Records to use:
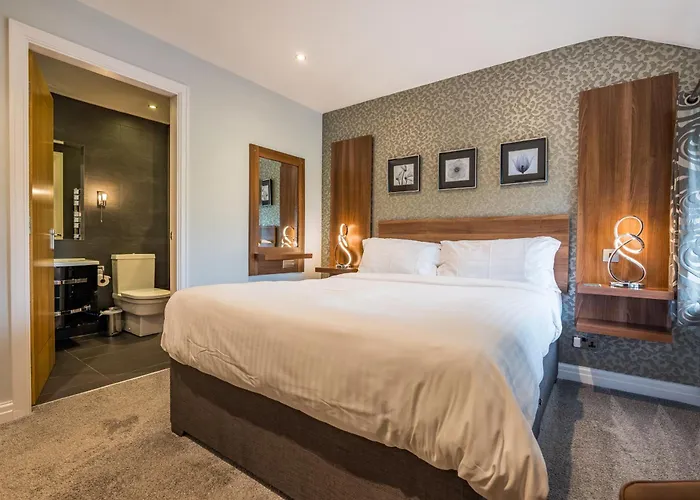 度假居 Ullswater View House *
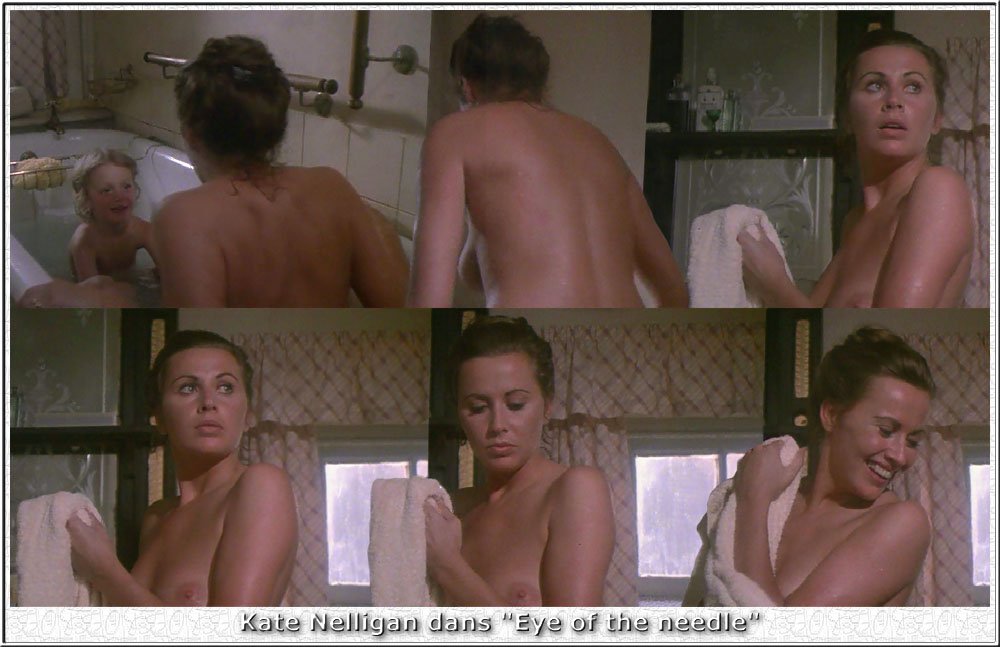 Кейт Неллиган nude pics.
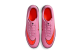 Nike Mercurial Vapor 16 Club TF (FQ8446-600) pink 4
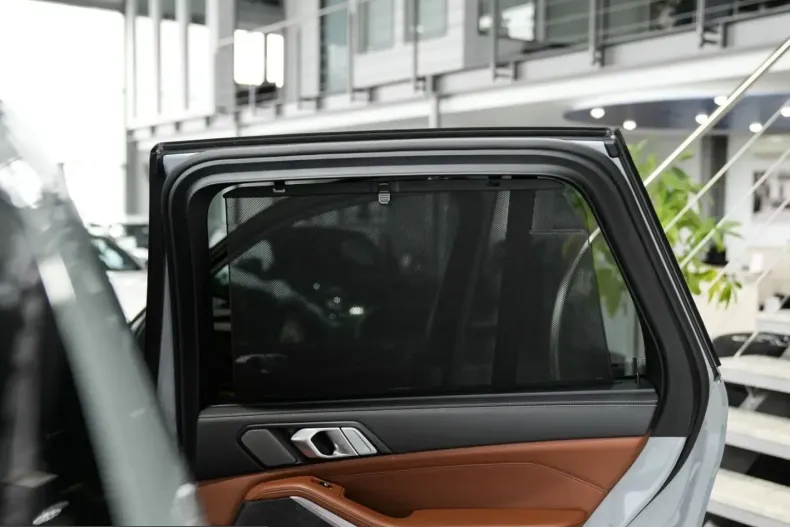 BMW X5 (Seria X) din 2025 cu 18.009 km - oferta BMW217408 - foto 15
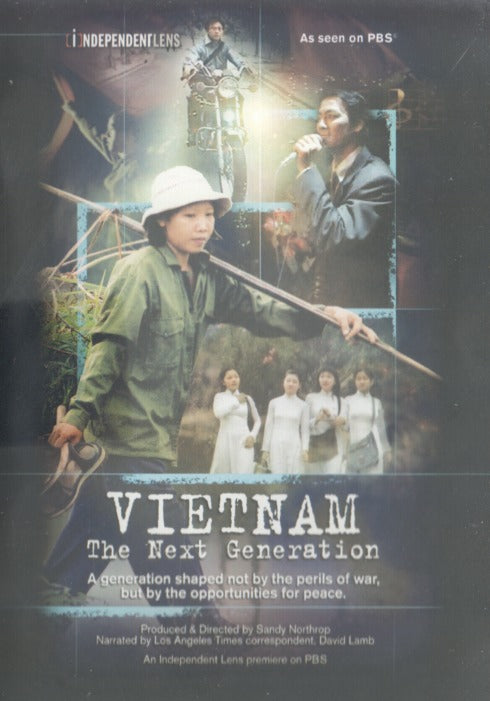 Vietnam: The Next Generation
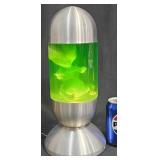 Xemu Xeno Alien Embryo Lamp Spencer Gifts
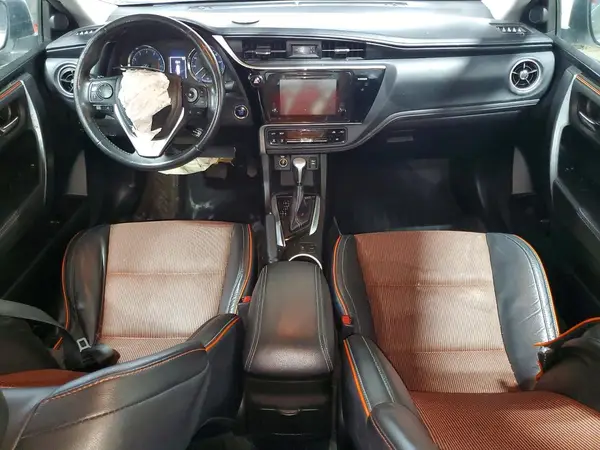 5YFBURHE3HP619694 2017 TOYOTA COROLLA - Image 8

Your objective: Give again, word for word, the lines from the one containing "BMW X5 (Seria" through the last line of the entries, with pictures omitted and nothing added.

Exercise solution:
 BMW X5 (Seria X) din 2025 cu 18.009 km - oferta BMW217408 - foto 15
 Vietnam: The Next Generation
 Xemu Xeno Alien Embryo Lamp Spencer Gifts
 5YFBURHE3HP619694 2017 TOYOTA COROLLA - Image 8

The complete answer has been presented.